According to the Supervisor of Elections, it is the first time that a referendum is taking place in the country and in the past persons served as “agents” for the various political parties but now it has to be monitors.
He said the office wants persons to come in and serve as monitors “to ensure that this thing (Referendum) is of a very high standard, the integrity is maintained, there is transparency so at the end of the day whatever results are released, that persons would be happy to say I was at that polling station and this is what happened…it was free and it was fair”.
Phillip responded to concerns raised over the anonymity and security of the process of voting, something he hopes the presence of monitors would curb.
“… We believe in the integrity of what we do and we have a very hard working staff and over the years they would have learnt from experience that persons were saying that when Police voted in the last election that persons knew who the police voted for”, he said.
“In this referendum and we trust that in subsequent elections that would not be a concern.
The numbering that we put in the registration number, they would be on a part that we call the counter foil and that part would not be going into the ballot box.

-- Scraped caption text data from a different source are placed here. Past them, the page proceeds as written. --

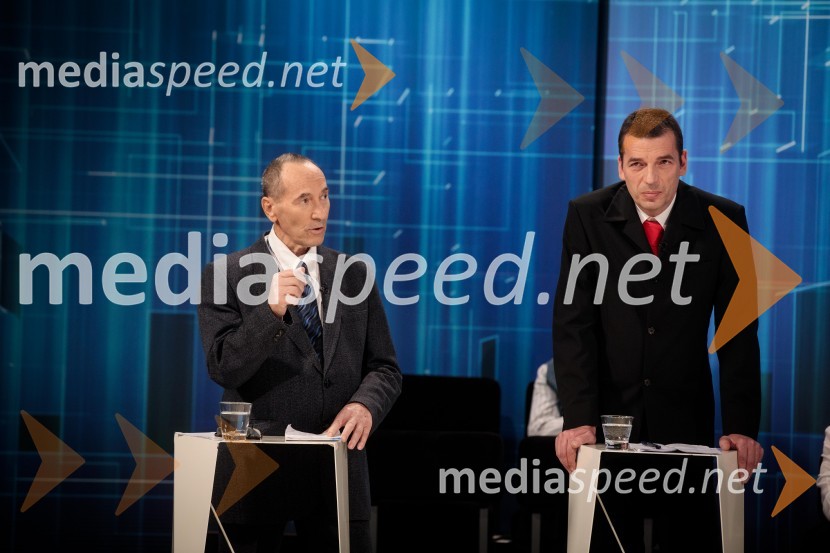 Predvolilno soočenje kandidatov za župana Ljubljane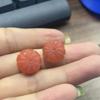 Ágata Vermelha do Sul Buda Maitreya Contas Soltas Redondas Contas de Cintura Contas Superiores Pingente Nuvem nas Costas Pulseira Bodhi Estrela Vajra Lua Acessórios DIY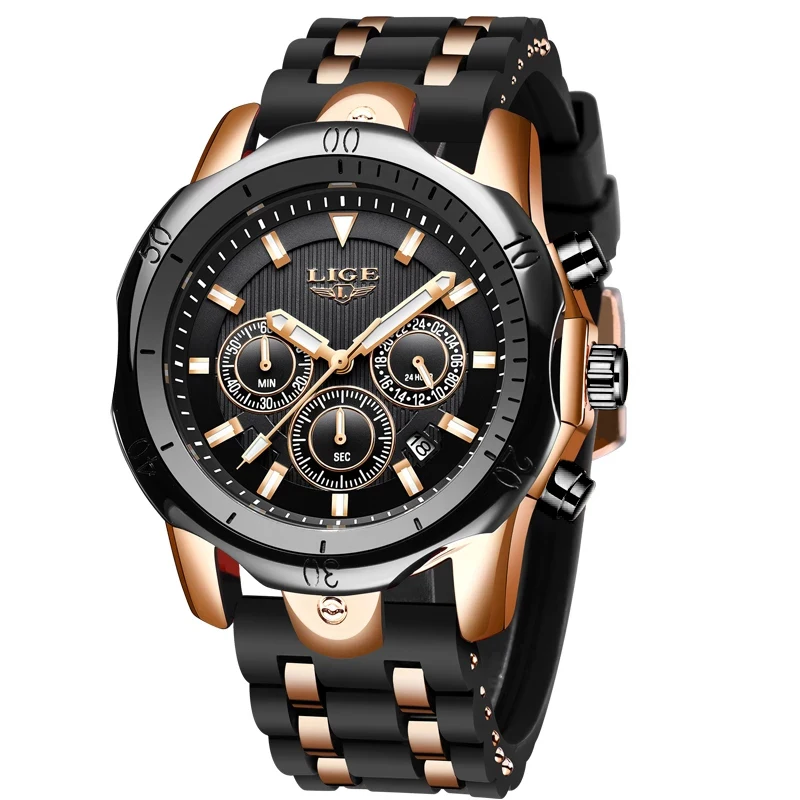 Relogio Masculino New Fashion Watch Men LIGE Top Brand Sport Watches Mens Waterproof Quartz Clock Man Casual Military WristWatch
Relogio Masculino New Fashion Watch Men LIGE Top Brand Sport Watches Mens Waterproof Quartz Clock Man Casual Military WristWatch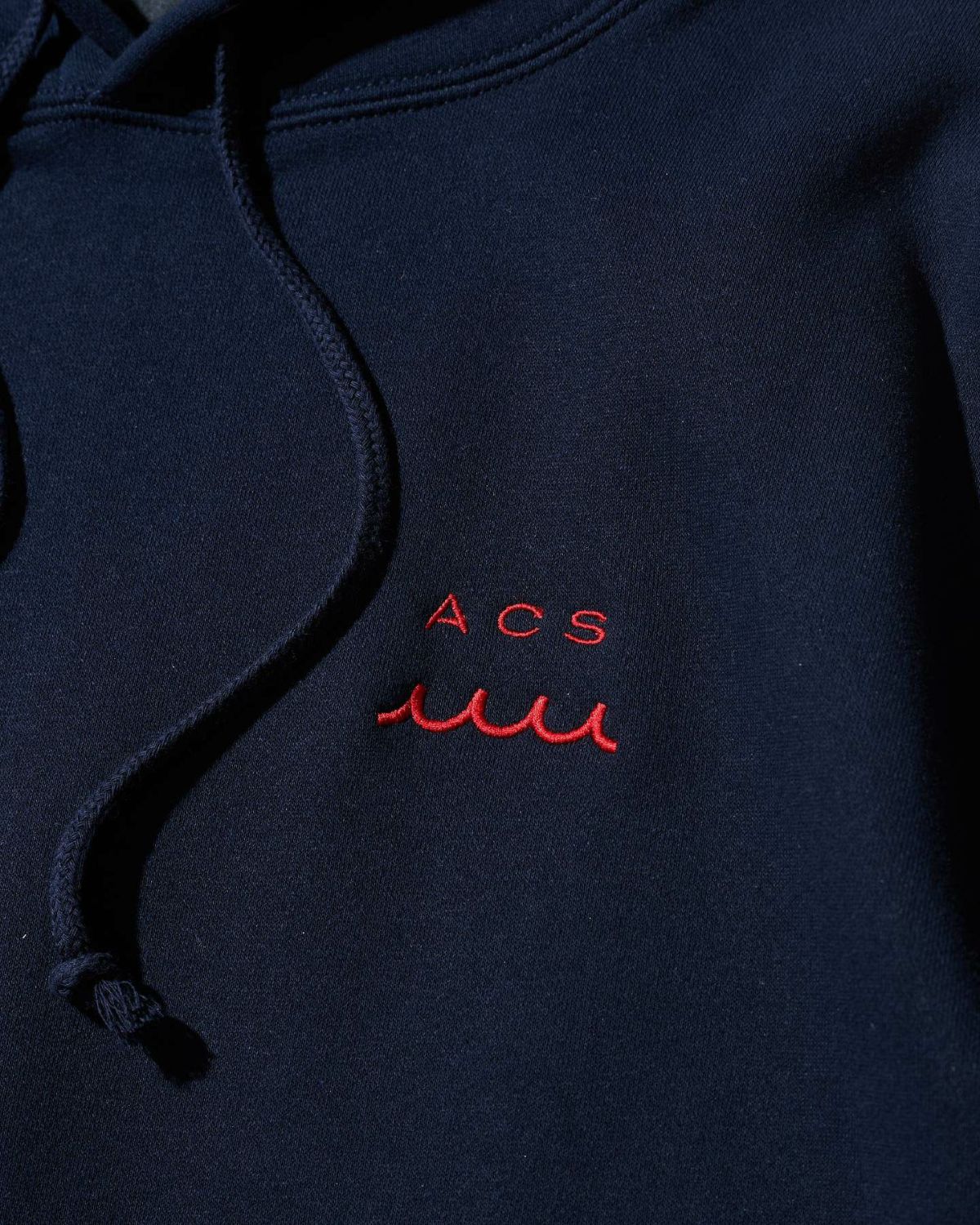 ACANTHUS アカンサス muta MARINE ムータマリン パーカー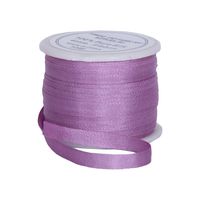 Threadart 100% Pure Silk Ribbon - 4mm Lavender - No. 571-3 Sizes - 50 Colors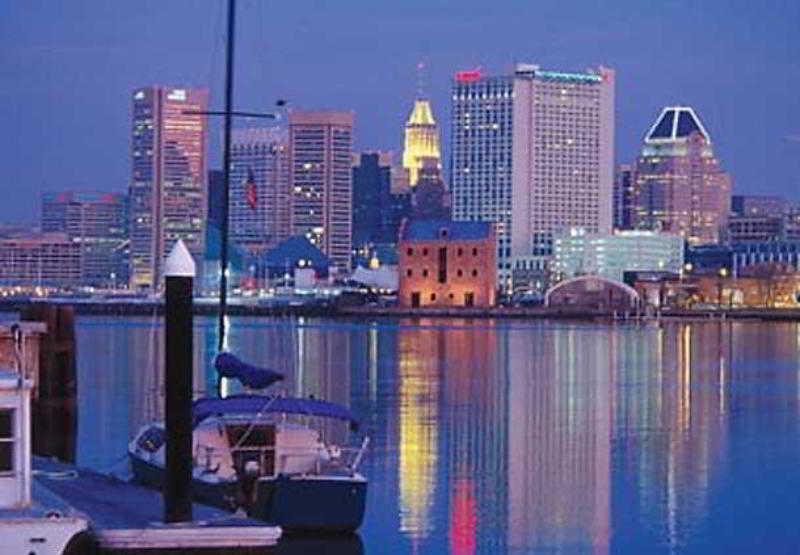 Courtyard By Marriott Baltimore Downtown/Inner Harbor Exterior foto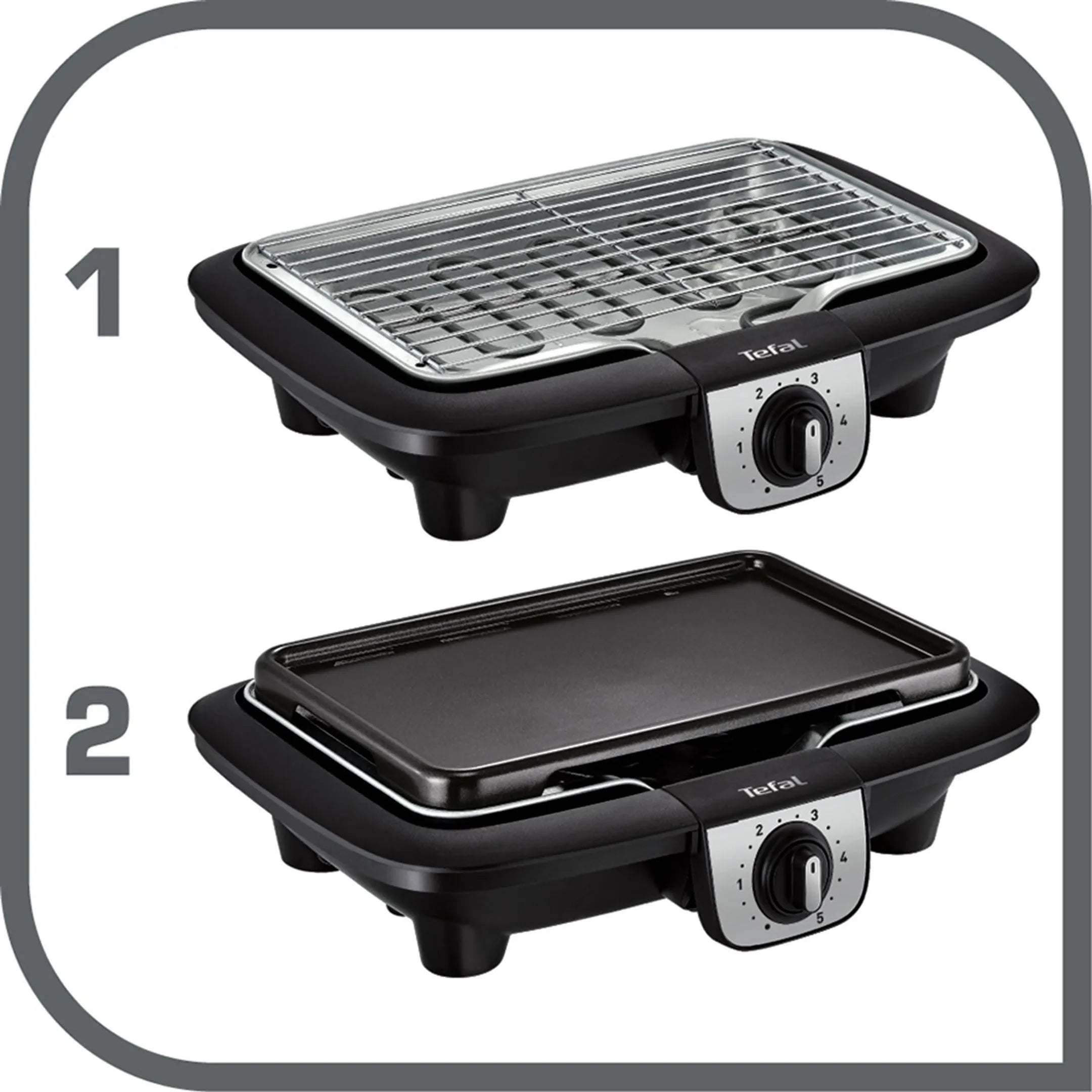 Tefal Elektrische BBQ BG930812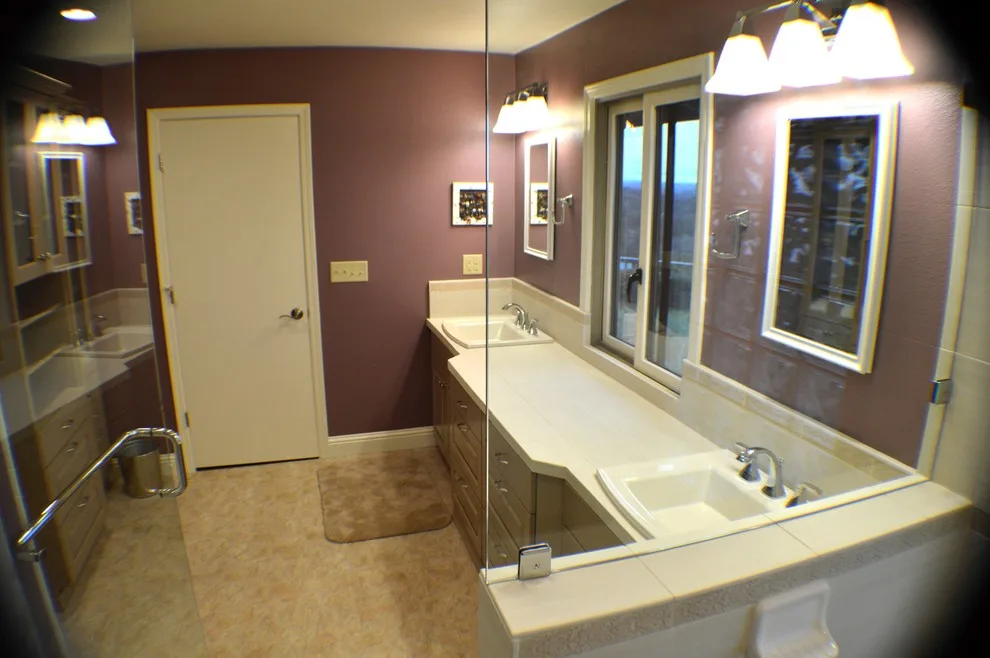 Leja bathroom renovation by Lawrence Adams Const. & Melindas Interior Designs - Photo 3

That would be torn off before the voter put his or her ballot into the box.
“There isn’t anything on the counter foil to match the ballot that is going into the ballot box. The ballot wouldn’t have anything that we can say this is X’s ballot of Y’s ballot…so once that ballot goes inside there, anonymous, nobody would be able to pick it up and say…so persons need not to fear.
Reports had circulated during the 2013 general election process that the vast majority of police officers voted in favour of the current New National Party (NNP) government of Prime Minister Dr. Keith Mitchell.